A scatter plot shows the relationship between two numerical variables where each value in the data set is represented by a dot.


In [None]:
#2-D scatter plot between age and year
haberman_df.plot(kind='scatter', x='age', y='year') ;
plt.show()

**Observations:**<br>
 
can't say much about this plot because both variables are represented by the same color

In [None]:
# 2-D Scatter plot with color-coding for each class.
sns.set_style("whitegrid")
sns.FacetGrid(haberman_df, hue='status', height=4) \
   .map(plt.scatter, "age", "year") \
   .add_legend();
plt.show();

**Observations :**<br>
 
now it is easy to differentiate between two variables based on the survival status but this combination of features (**age and year**) are not much useful in classifying the patient, as the points have overlapping.


### 6.2 pair plot

Instead of plotting scatter plot individually for each combination, we can plot a pair plot which shows a clear view of relationship between all combination of features.

In [None]:
# pairwise scatter plot: Pair-Plot
sns.pairplot(haberman_df, hue ="status", diag_kind = "hist", height = 3)
plt.show()

**Observations:**<br>

- The histogram on the diagonal shows the distribution of a single variable while the scatter plots on the upper and lower side of the diagonal shows the relationship between two variables.
- From **age and nodes** combination, patients with age between 30 to 40 and having lesser number of positive axillary nodes seems to be more survived. 
- In all combinations, there is so much overlapping, thus no plot can be linearly separable and not seems to be much useful in classifying the patient.


## CONCLUSION

Haberman_df is a imbalanced dataset, as the number of data points for the 2 classes are not equal.

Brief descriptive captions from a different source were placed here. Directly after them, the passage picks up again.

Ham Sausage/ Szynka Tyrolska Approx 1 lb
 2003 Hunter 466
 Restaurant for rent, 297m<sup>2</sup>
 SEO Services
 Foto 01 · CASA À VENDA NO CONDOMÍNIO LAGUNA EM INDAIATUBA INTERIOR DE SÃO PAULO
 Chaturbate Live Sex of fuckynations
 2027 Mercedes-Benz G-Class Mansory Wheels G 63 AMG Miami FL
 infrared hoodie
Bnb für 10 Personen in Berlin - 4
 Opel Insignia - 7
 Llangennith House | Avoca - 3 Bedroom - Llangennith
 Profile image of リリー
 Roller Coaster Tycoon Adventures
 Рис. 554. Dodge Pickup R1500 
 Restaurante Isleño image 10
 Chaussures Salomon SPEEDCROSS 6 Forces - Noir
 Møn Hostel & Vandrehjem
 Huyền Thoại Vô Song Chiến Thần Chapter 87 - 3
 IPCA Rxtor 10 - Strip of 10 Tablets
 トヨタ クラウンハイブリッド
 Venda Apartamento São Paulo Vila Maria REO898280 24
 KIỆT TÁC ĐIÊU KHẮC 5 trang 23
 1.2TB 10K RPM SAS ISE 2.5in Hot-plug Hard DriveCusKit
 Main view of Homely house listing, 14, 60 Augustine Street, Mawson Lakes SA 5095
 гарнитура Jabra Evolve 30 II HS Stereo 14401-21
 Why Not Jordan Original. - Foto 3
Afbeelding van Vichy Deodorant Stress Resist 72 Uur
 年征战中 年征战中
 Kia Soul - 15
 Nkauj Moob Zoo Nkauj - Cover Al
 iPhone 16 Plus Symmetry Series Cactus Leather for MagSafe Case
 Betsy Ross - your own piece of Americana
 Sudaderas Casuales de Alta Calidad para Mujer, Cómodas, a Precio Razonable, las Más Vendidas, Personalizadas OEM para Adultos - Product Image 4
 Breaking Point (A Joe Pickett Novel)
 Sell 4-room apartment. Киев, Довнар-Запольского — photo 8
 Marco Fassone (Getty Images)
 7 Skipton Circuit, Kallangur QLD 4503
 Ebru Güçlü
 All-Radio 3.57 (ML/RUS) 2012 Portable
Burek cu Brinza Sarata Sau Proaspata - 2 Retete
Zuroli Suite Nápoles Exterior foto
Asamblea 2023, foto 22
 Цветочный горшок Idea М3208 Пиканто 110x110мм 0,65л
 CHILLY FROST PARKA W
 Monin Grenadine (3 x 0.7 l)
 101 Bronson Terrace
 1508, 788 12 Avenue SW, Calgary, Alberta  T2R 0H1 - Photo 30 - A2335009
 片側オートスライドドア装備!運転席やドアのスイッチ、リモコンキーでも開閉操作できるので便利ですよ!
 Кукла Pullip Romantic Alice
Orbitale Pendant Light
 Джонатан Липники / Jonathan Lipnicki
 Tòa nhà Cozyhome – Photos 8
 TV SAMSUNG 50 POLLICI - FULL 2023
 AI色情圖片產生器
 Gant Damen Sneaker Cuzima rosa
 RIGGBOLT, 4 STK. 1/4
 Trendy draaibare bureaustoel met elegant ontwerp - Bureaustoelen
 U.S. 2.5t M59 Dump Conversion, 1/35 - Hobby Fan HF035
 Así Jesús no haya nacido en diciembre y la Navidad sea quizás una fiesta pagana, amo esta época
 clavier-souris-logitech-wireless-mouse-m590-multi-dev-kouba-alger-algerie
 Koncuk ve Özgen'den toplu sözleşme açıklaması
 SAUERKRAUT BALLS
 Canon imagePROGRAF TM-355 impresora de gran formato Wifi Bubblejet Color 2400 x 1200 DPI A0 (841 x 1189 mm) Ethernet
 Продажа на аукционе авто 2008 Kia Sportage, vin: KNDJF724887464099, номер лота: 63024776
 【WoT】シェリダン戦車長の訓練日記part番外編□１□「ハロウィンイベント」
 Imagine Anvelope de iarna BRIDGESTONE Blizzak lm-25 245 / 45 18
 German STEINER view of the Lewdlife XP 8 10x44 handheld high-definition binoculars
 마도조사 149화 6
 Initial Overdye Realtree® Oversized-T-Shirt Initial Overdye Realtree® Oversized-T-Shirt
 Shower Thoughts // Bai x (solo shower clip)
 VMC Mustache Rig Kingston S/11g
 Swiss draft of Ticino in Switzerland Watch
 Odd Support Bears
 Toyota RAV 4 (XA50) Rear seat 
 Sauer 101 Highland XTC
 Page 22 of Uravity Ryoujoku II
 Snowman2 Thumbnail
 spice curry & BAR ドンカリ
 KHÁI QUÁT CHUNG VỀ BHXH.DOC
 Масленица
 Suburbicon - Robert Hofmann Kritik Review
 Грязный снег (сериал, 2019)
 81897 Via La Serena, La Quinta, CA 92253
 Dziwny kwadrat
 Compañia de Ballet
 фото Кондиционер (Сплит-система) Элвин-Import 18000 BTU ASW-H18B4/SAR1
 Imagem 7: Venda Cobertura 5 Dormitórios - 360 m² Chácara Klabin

We plotted multiple plots above to classify a new patient as belonging to one of the 2 classes based on the 3 features.
 ### **1.age**<br>
       if age > 30 && age < 34, then survived more than 5 
       if age >77, then died within 5 years 
   for the rest of the patients, it is not possible to write working if/else code, hence 'age' won't totally help in classifying.
  
 ### **2.year**<br>
    'year' does not depicts any valuable inference as it overlaps for both survival status.

 ### **3.nodes**<br>
    from all the plots,'nodes' gives us a clear idea that the patients having 0 or less number of positive axilary nodes have survived more than 5 years after the operation.

Since there is too much overlapping in data points, it is difficult to create simple linearly seperable model to classify a new patient as belonging to one of the 2 classes based on the 3 features.

But it can be possible to assume that as the number of positive axillary nodes and age increases, the chance of  survival of patients decreases.